Pielęgniarka i położna, która zarabia obecnie 2.000,- zł. brutto miesięcznie wynagrodzenia zasadniczego od 01.07.2017 r. może liczyć maksymalnie na 49,- zł. wzrostu wynagrodzenia miesięcznego brutto. Natomiast pielęgniarka i położna, która zarabia obecnie 2.496,- zł. brutto miesięcznie nie otrzyma żadnego wzrostu wynagrodzenia i to nie tylko w roku bieżącym, ale także i w kolejnych latach bo wypełnia już kryterium minima ustawowego. Dla kontrastu jedynie przypominamy, że w roku bieżącym (m.in. na skutek obniżenia wieku emerytalnego) uprawnienia emerytalne uzyska ok. 80 tysięcy pielęgniarek i położnych wykonujących zawód w Polsce na ogółem 200 tysięcy wszystkich zatrudnionych. Kto będzie zatem wykonywał ten zawód w Polsce na poziomie proponowanych w projekcie stawek wynagrodzenia ?”
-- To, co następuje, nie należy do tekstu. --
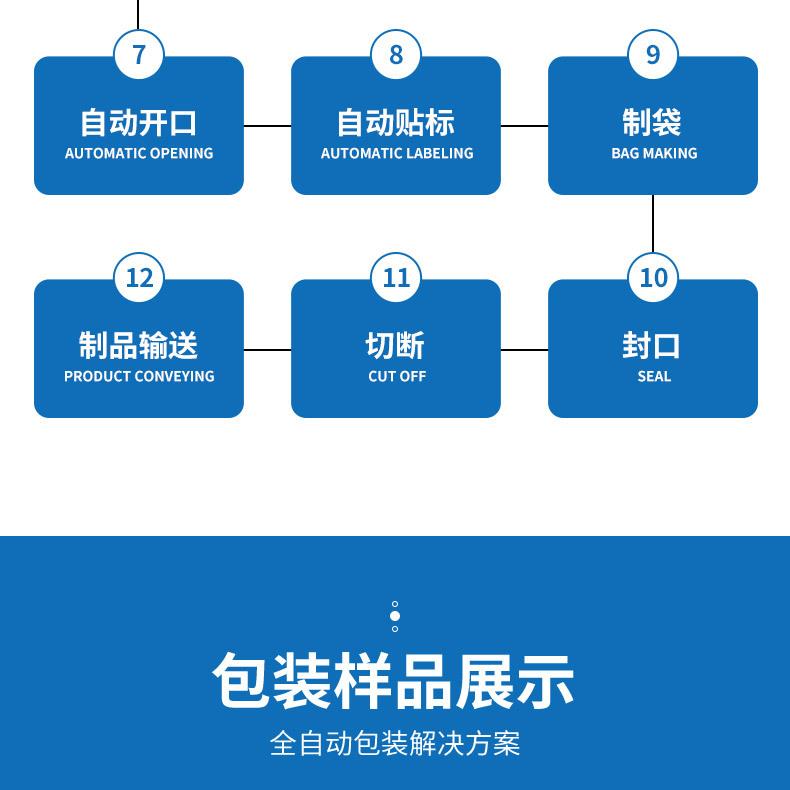 全自动湿纸巾包装机_16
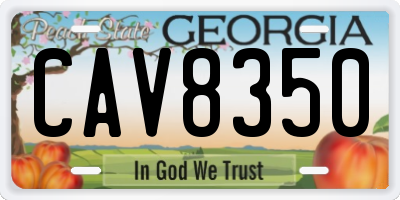 GA license plate CAV8350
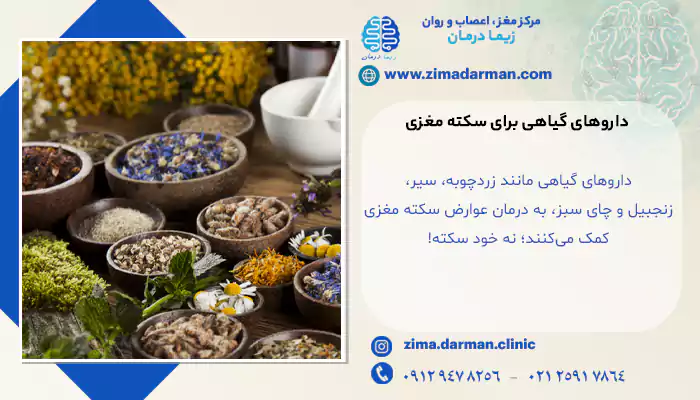 داروهای گیایی که روی درمان سکته تاثیر دارند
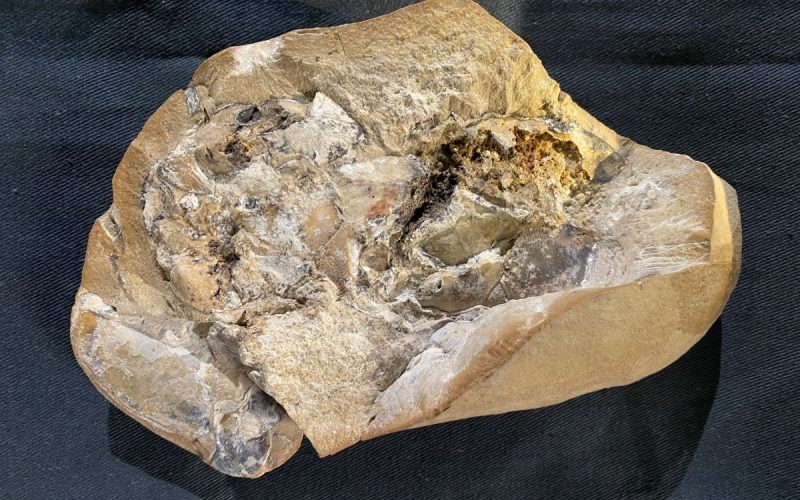 This is the fossil in which an almost perfect, three-dimensional arthrodire heart was found. (Yasmine Phillips/Curtin University)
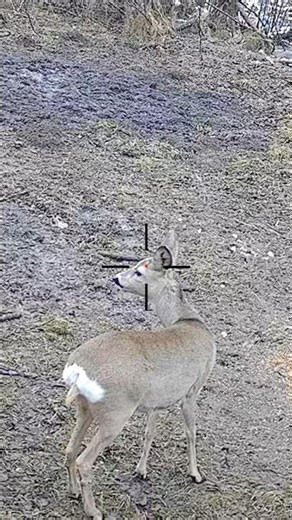 Hunter Tracks a Wild Goat in Deep Forest #hunting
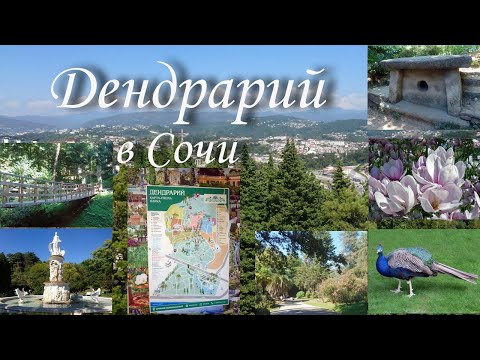 Сочинский Дендрарий – история – канатная дорога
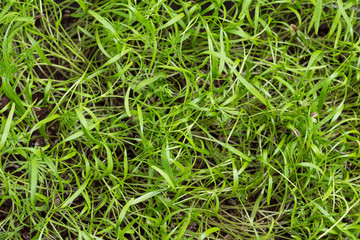 Young sprouts of dill. Microgreens vegan and healthy eating.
Wiele z nas przez kolejne lata będzie miało „zamrożone” podwyżki lub będziemy stawać przed dylematem zmiany pracy, gdyż magister pielęgniarstwa ze specjalizacją będzie „zbyt drogim” pracownikiem. Wystarczy wówczas pielęgniarkę przesunąć na inny oddział i zaszeregować ją do grupy 9 ( wykształcenie średnie).
Ponadto w naszym kraju deprecjonuje się zawód pielęgniarki i położnej od kilku dziesięciu lat. W mediach społeczeństwu podaje się nieprawdziwe informacje, iż dostałyśmy 1600 zł podwyżki , a wiadomo, że jest to kwota tzw. „brutto, brutto” rozłożona na transze. Obecna ustawa realnie zabiera nam te środki.
Kolejną sprawą są normy zatrudnienia, których w rzeczywistości w naszych zawodach nie ma. Zgodnie z prawem dyrektorzy palcówek zatrudniają minimalną ilość personelu, narażając chorych na brak należytej opieki pielęgniarskiej. Przykład: Oddział wewnętrzny: noc: lekarz, jedna pielęgniarka – pacjentów minimum 40.
Szanowny Panie, już w październiku ziści się dramat.
Pielęgniarek i Położnych jest coraz mniej, a ustawa "przepychana" w tak błyskawicznym tempie stanowi poważne ryzyko dla zdrowia i życia wszystkich obywateli.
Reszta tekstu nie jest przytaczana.